**EXCERPTED RECORDS**

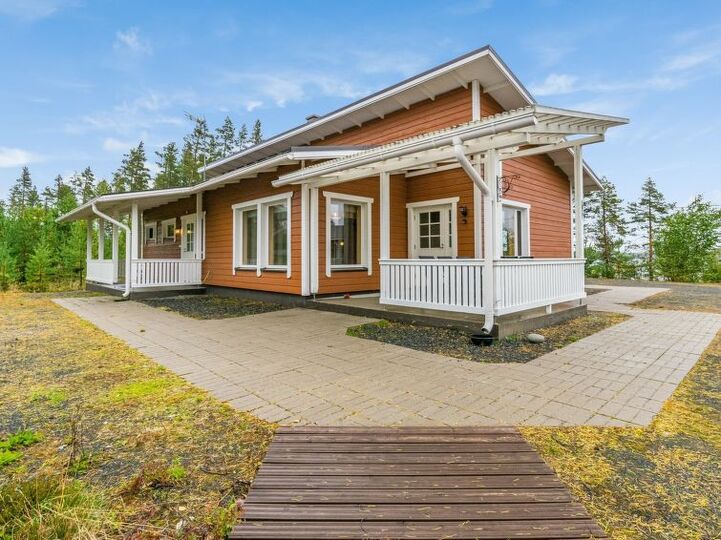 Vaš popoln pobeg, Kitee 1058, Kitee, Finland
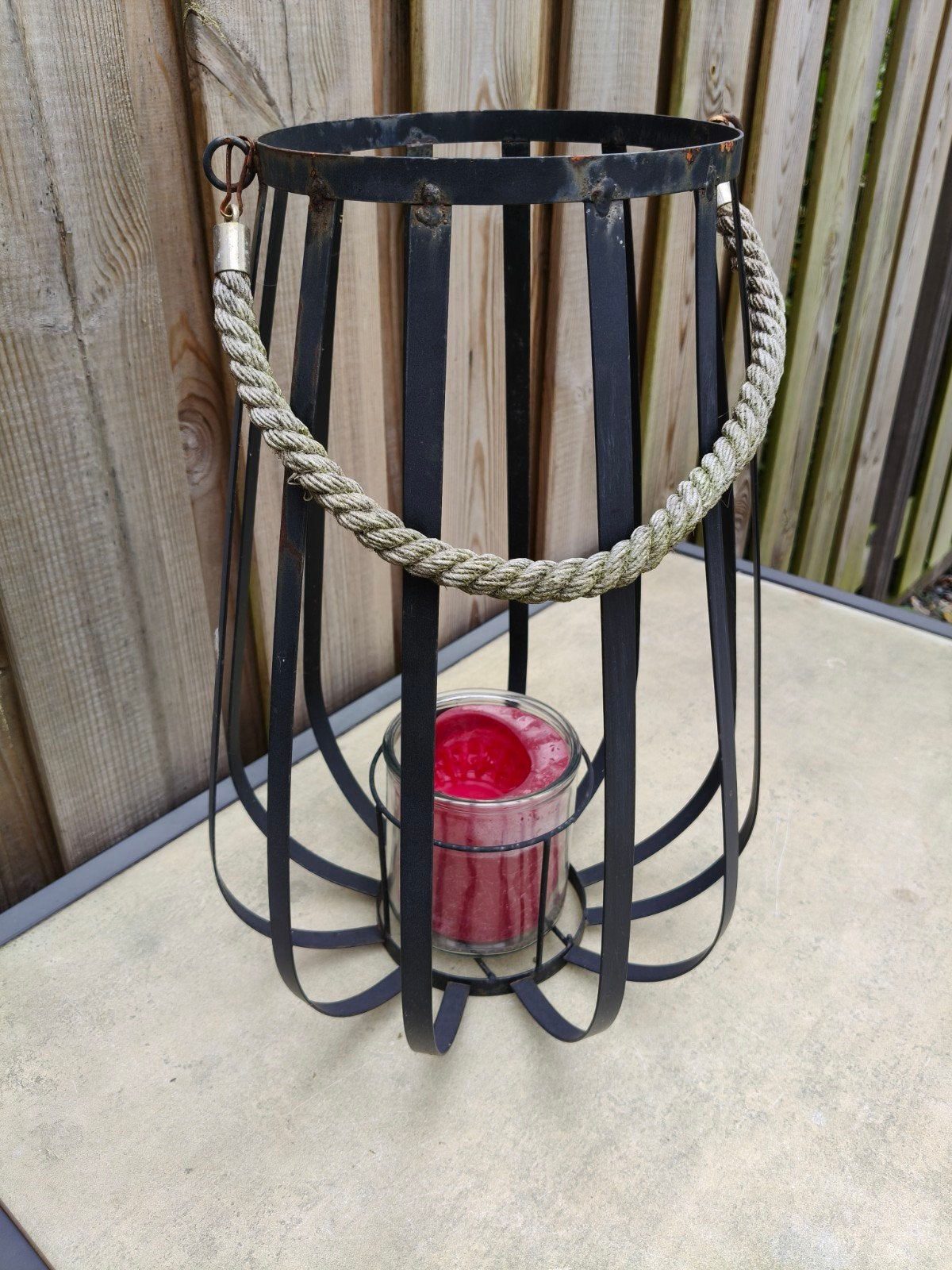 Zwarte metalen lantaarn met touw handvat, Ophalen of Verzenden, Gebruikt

==

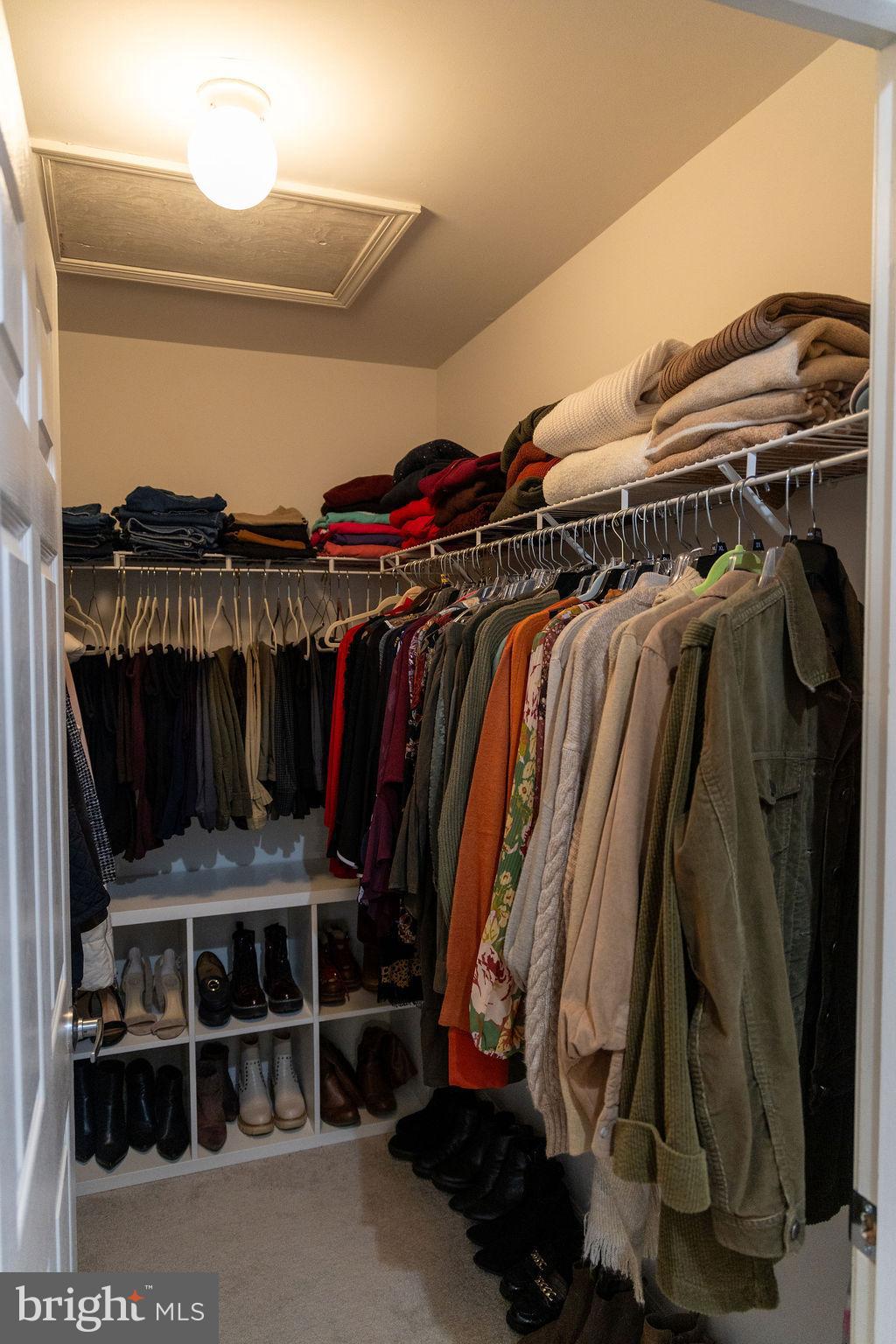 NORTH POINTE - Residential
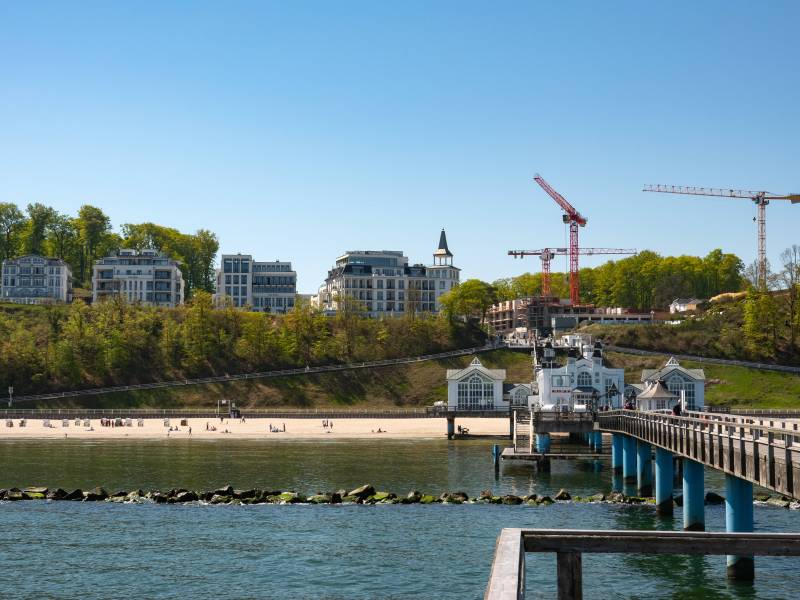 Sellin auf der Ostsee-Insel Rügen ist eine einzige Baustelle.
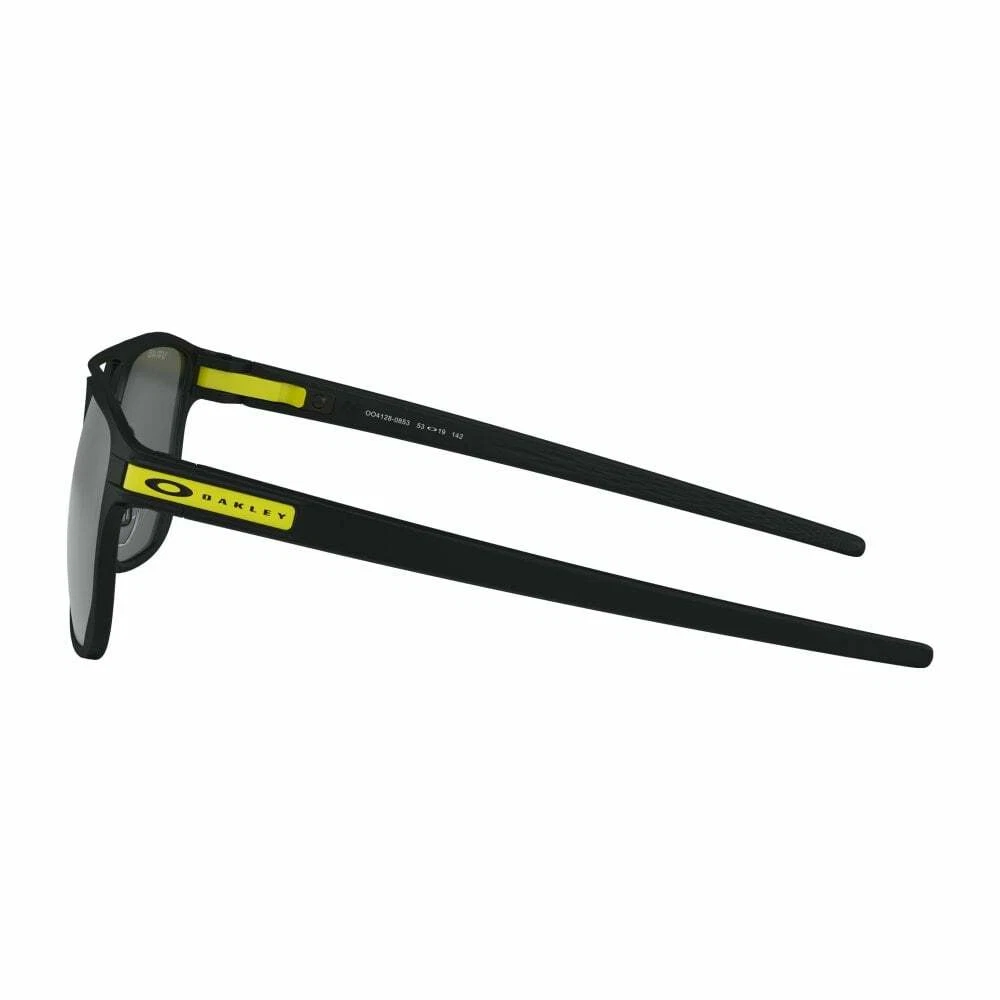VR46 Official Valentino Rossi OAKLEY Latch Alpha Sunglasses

...

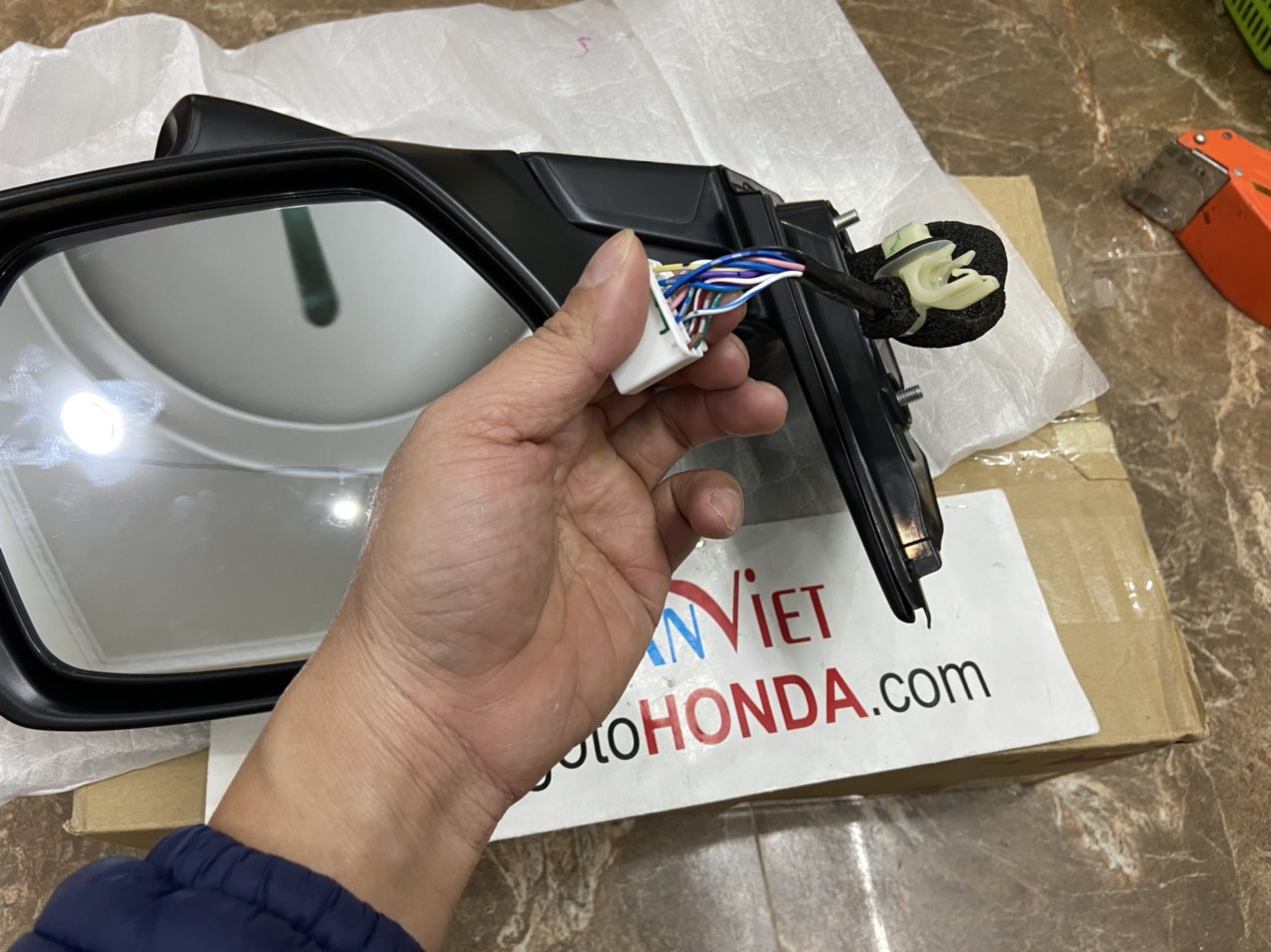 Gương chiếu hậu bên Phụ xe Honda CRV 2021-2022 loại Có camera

**WHAT THE TASK ASKS**
Write back word for word every line in the entries above from the one with "Vaš popoln pobeg, Kitee 1058, Kitee, Finland" to the one with "Zwarte metalen lantaarn", ends included, and none of the pictures.

**THE ANSWER**
 Vaš popoln pobeg, Kitee 1058, Kitee, Finland
 Zwarte metalen lantaarn met touw handvat, Ophalen of Verzenden, Gebruikt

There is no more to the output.